Once the dimensionality reduction has been performed, the reduced word frequency matrix is clustered with
simple k-means clustering algorithm described in [11]. Thus, a brief review of the cluster centroids will help to
determine which cluster most resembles the subject matter of the specified innovation.

The authoritative collaboration partner(s) can easily be determined from those entities that have contributed
work to the cluster that most resembles the subject of the innovation. Section 4 presented a threshold measure
by which authorities could be weeded out of the collaborative search process. Following the Apriori Property
discussed in [11] and [12], those authorities that are not authoritative for the entire group should not be considered
authoritative for a subsection of that group. Therefore, only authorities with the authoritativeness metric higher
than the user defined threshold should be sought within the clusters.

6 MEMS Case Study
This section presents a case study on the discovery of the most authoritative person to perform collaborative

innovation with for the domain of microelectromechanical systems (MEMS). In this study 2403 papers were mined
from the internet on the subject of MEMS

Simon [13] describes MEMS as a monolithically integrated device used for microwave applications such as
switches, distributed phase shifters and BPSK modulators. Other applications for MEMS have also surfaced. In
fact, according to Maeda et al. [14] MEMS is expected to be one of the most promising areas of research and
development contributing to future success of electronics businesses.



48 J. Engler, A. Kusiak

After the 2403 papers were mined from the internet using the focused web miner, the author’s names and
references were parsed from the documents as described in Section 3 above and the authoritativeness matrix was
generated. The authoritativeness metric, described in Section 4, was applied with λ set to 0.80 to slightly discount
the average age of the documents. Figure 3 illustrates the top ten authorities after this initial calculation of author-
itativeness. Figure 3 illustrates the results of running the algorithms presented in this paper prior to the iterative
boosting discussed in Section 4. Thus, the results in Figure 3 are more indicative of a rapid manual search.

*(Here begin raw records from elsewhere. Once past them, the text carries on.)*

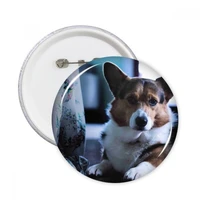 corgi dog pet animal lonely picture round pins badge button clothing decoration 5pcs gift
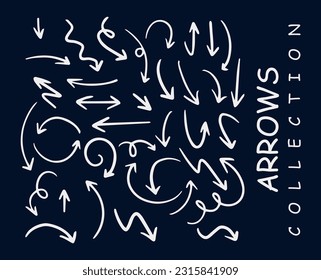 Una enorme colección de conjunto de flecha de dibujo a mano , conjunto de iconos vectoriales de flecha dibujada a mano. diseño de flecha de esbozo para plan de negocios y educación 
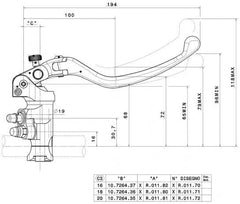 Brembo RADIAL BRAKE 19x16 CNC MASTER CYLINDER | XR01170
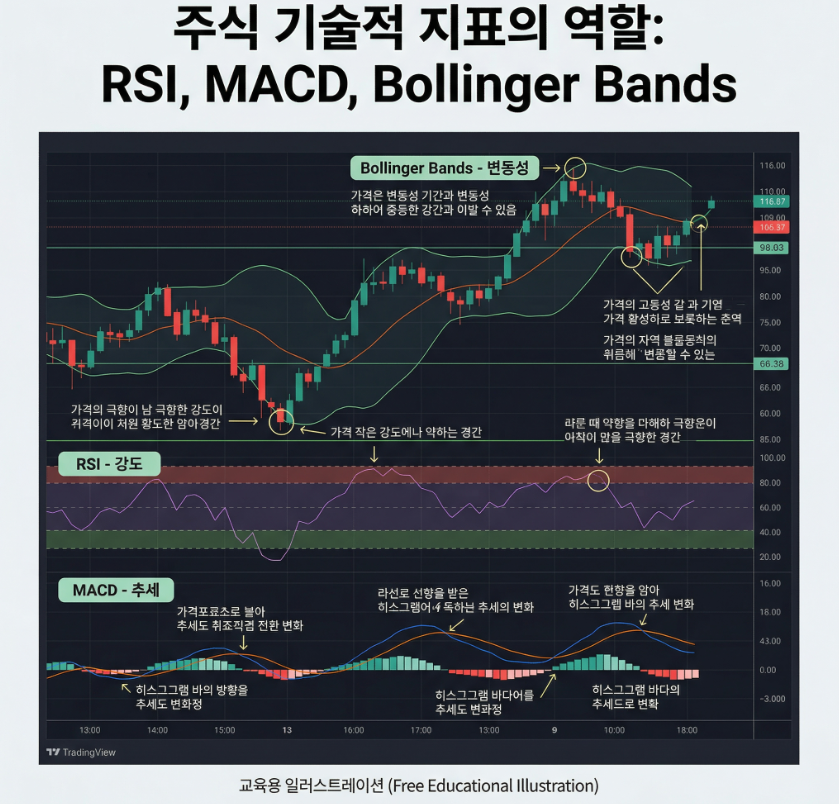 RSI MACD 볼린저 밴드 역할 비교 차트 이미지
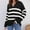 Womens Black Oversized Y2k Stripe Sweaters, variant on Girls Y2k Stripe Sweaters for Women Oversized Sweater Casual Going Out Basic Knitwear for Fall Spring Loose Striped Color Block V-Neck Pullover White 8
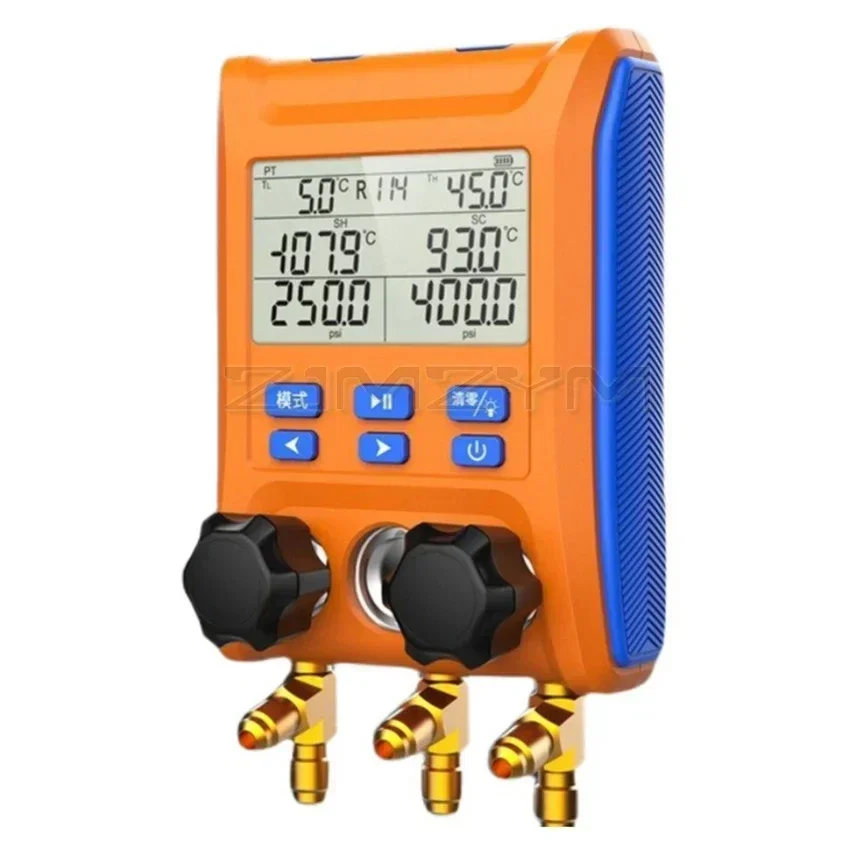 10 Digital Manifold Gauge HVAC Pressure Gauge AC Tools 2-Way Valve Air Conditioning Refrigeration System Leak Tester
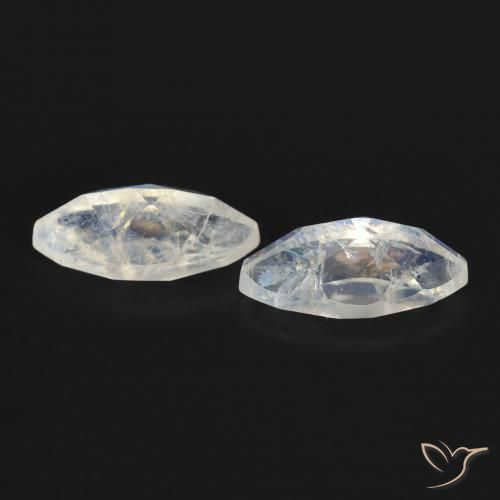 Gemas de Piedra lunar arcoíris Blanco azulado natural de 1.23 ct, Marquesa, Transparente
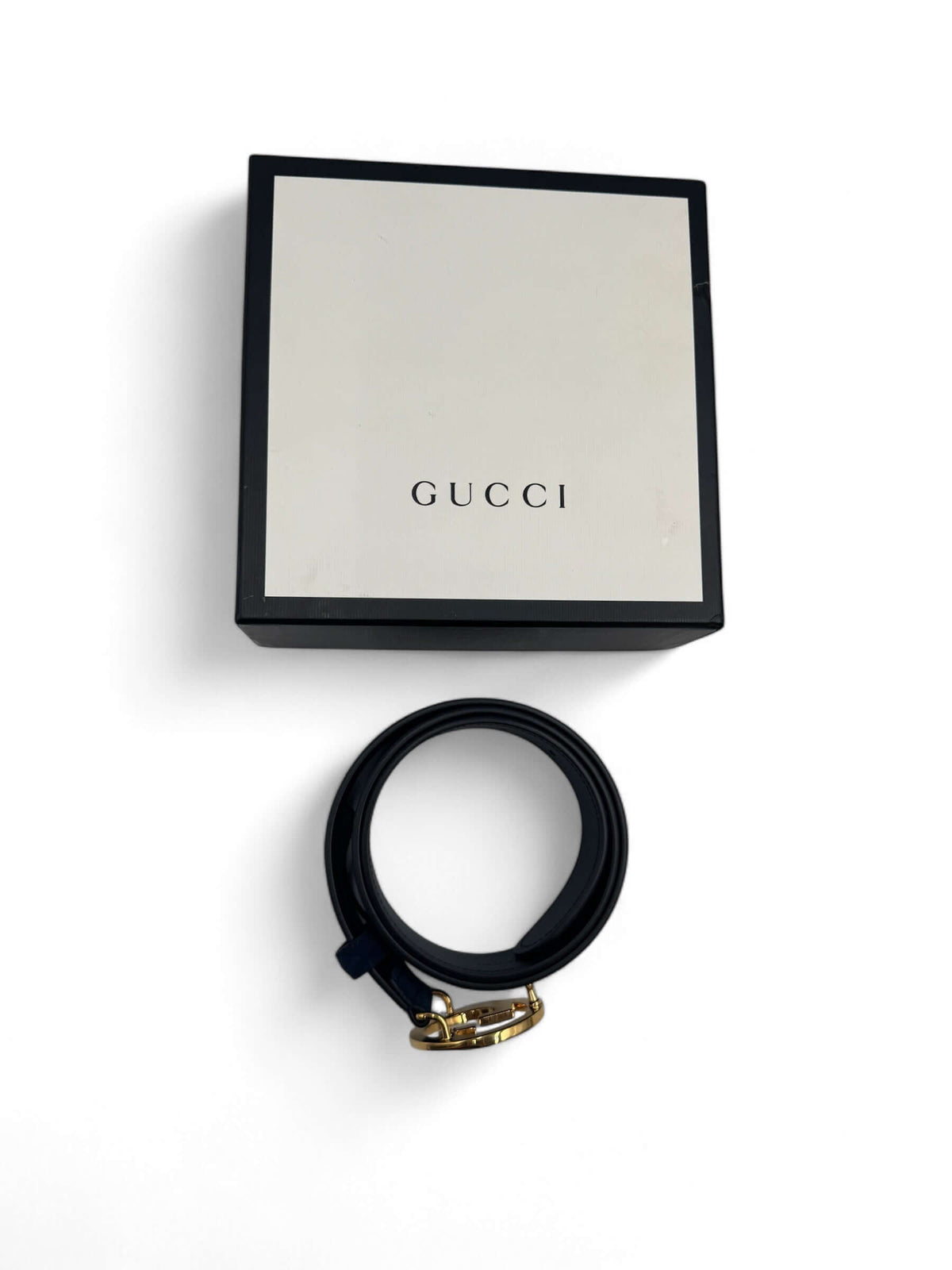 Gucci - Navy Blondie belt size 85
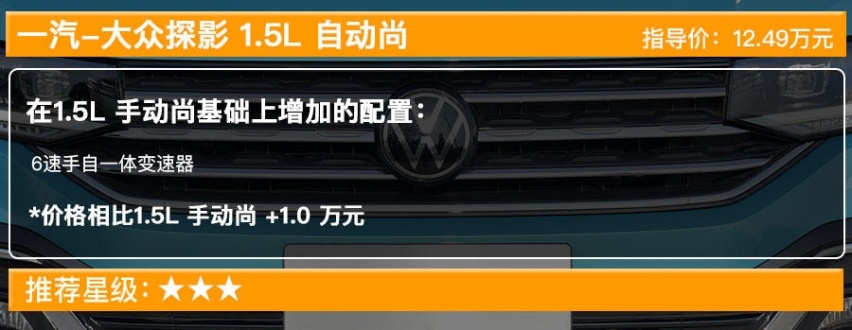 一汽-大众小型SUV售11.49万起，全系七款车型哪款最值？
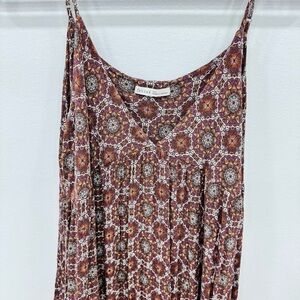 BE COOL CREAM BOHO MAXI STRAP medallion print dress coverup Sz Large sexy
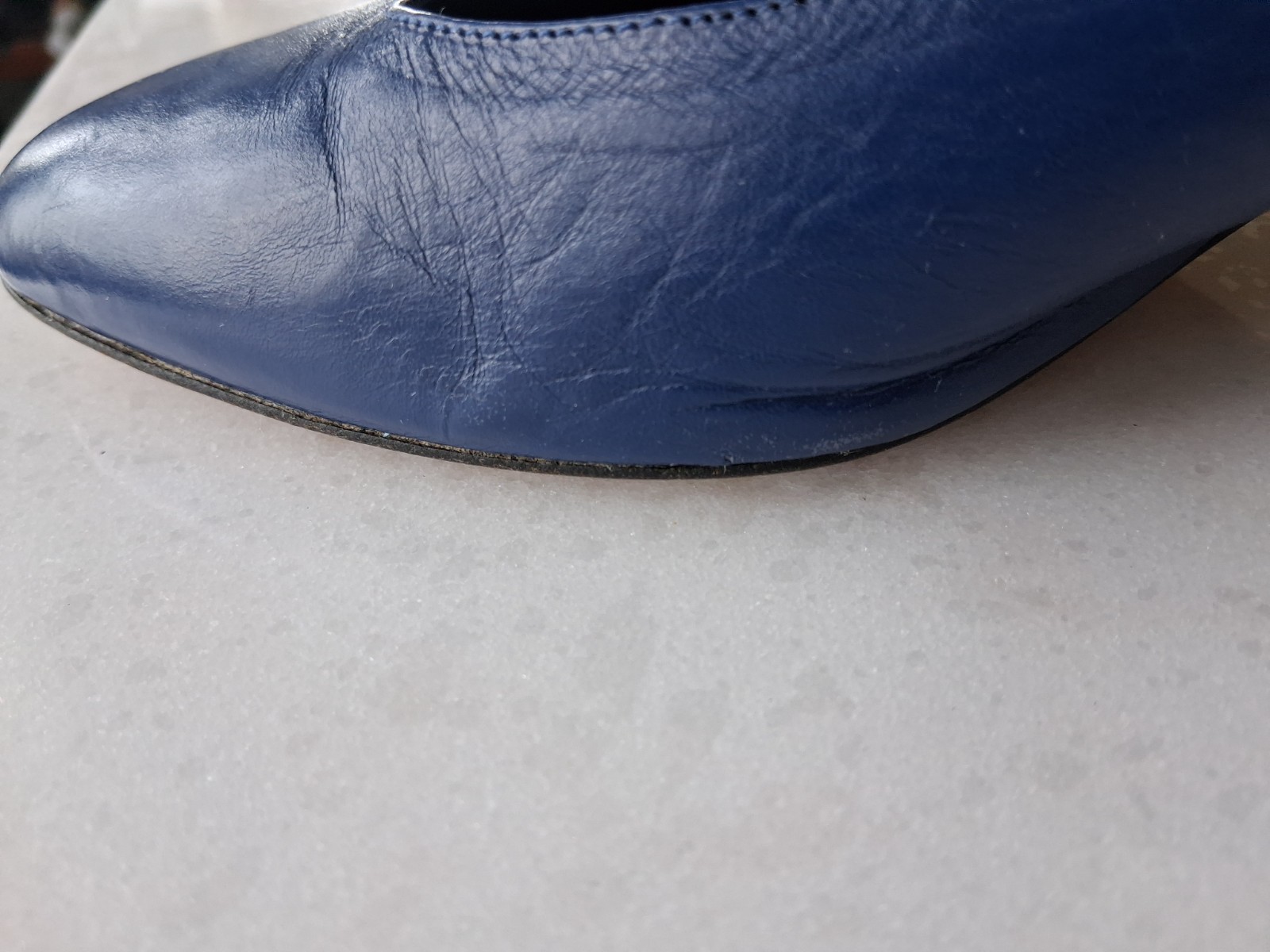Nickels VTG Italian Leather Shoes 2.5 in. Heels Royal Blue Sz 10 B Cut Out Sides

Figure 3: The top 10 authors in the non-boosted authoritativeness metric list for MEMS

As seen in Figure 3, GM Rebeiz is indicated as the leading authority on MEMS. A quick search of the internet
with the name GM Rebeiz justifies his rank as the top authority in this non-boosted list. GM Rebeiz is a professor
at the University of Michigan in the College of Engineering and leads a team of 8 PhD students in a focus on
RF-MEMS [15].

Utilizing the authoritativeness matrix, discovered in the mining of the 2403 documents which generated the
non-boosted results of Figure 3, the iterative boosting of authoritativeness is applied. Upon the application of the
boosting of the authoritativeness the list changes in order as can be seen in Figure 4. Boosting has the effect of
attributing higher authority to those whose papers have been cited by authors of higher authority. Thus, this is the
list that a person for collaborative practices in the field of MEMS should be sought from.

Figure 4: Top 10 authors in the boosted authoritativeness metric list for MEMS

From the boosted authoritativeness it is easy to see that CL Goldsmith is the authoritative figure one would
wish to collaborate with. In fact, with a quick search of the internet it is found that CL Goldsmith is the president
of a company called Memtronics and received his PhD from the University of Texas [16]. The list contains other
potential candidates who may be sought after should CL Goldsmith not be available for collaboration.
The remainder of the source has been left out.